(Beginning of RECORDED DATA)
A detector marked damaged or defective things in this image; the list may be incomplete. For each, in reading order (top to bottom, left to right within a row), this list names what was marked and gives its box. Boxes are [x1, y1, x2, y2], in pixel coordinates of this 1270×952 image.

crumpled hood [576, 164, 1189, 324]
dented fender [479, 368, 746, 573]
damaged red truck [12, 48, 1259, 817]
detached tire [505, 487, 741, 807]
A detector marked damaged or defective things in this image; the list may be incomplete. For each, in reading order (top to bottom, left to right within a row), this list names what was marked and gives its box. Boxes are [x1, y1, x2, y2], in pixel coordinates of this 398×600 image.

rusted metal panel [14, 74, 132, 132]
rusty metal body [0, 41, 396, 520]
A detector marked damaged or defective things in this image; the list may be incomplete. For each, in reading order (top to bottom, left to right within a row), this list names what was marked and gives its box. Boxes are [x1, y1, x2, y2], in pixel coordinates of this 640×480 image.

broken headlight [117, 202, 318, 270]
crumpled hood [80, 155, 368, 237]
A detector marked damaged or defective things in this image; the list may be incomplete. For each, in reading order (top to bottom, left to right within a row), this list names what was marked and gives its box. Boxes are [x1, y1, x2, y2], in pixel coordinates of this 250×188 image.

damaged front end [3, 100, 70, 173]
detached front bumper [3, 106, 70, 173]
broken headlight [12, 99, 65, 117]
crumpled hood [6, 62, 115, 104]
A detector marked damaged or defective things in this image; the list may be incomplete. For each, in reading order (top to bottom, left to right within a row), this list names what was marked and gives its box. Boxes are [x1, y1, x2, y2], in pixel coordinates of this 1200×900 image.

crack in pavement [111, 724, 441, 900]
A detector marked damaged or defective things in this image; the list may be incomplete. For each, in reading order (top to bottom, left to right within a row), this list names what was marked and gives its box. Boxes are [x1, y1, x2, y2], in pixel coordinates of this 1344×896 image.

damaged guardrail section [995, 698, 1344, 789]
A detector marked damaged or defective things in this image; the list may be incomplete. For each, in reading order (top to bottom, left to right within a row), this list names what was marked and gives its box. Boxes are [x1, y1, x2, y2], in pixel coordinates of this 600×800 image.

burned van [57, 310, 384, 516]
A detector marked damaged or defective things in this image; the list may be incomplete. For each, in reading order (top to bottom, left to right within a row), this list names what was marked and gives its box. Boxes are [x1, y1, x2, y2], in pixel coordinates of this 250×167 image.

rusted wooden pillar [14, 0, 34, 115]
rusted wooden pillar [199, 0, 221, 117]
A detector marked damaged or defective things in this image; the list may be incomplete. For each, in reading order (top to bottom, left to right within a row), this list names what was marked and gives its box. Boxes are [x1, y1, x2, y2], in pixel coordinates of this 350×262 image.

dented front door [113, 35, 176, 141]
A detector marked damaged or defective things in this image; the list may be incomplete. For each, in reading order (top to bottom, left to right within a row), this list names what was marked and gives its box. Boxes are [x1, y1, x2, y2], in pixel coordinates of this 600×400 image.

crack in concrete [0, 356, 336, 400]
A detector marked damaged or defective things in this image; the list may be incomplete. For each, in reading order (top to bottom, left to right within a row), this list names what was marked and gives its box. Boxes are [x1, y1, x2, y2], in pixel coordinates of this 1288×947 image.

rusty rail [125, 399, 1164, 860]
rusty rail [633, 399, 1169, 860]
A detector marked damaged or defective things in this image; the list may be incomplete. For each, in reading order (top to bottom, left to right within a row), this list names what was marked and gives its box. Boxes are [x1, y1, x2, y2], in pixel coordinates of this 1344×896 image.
(End of RECORDED DATA)
TASK ITEM. Set down exactly what runs from the line with "this 350×262 image." to the last line of the data above, including both of those lines and no others.

RESPONSE.
A detector marked damaged or defective things in this image; the list may be incomplete. For each, in reading order (top to bottom, left to right within a row), this list names what was marked and gives its box. Boxes are [x1, y1, x2, y2], in pixel coordinates of this 350×262 image.

dented front door [113, 35, 176, 141]
A detector marked damaged or defective things in this image; the list may be incomplete. For each, in reading order (top to bottom, left to right within a row), this list names what was marked and gives its box. Boxes are [x1, y1, x2, y2], in pixel coordinates of this 600×400 image.

crack in concrete [0, 356, 336, 400]
A detector marked damaged or defective things in this image; the list may be incomplete. For each, in reading order (top to bottom, left to right within a row), this list names what was marked and gives its box. Boxes are [x1, y1, x2, y2], in pixel coordinates of this 1288×947 image.

rusty rail [125, 399, 1164, 860]
rusty rail [633, 399, 1169, 860]
A detector marked damaged or defective things in this image; the list may be incomplete. For each, in reading order (top to bottom, left to right within a row), this list names what was marked and gives its box. Boxes are [x1, y1, x2, y2], in pixel coordinates of this 1344×896 image.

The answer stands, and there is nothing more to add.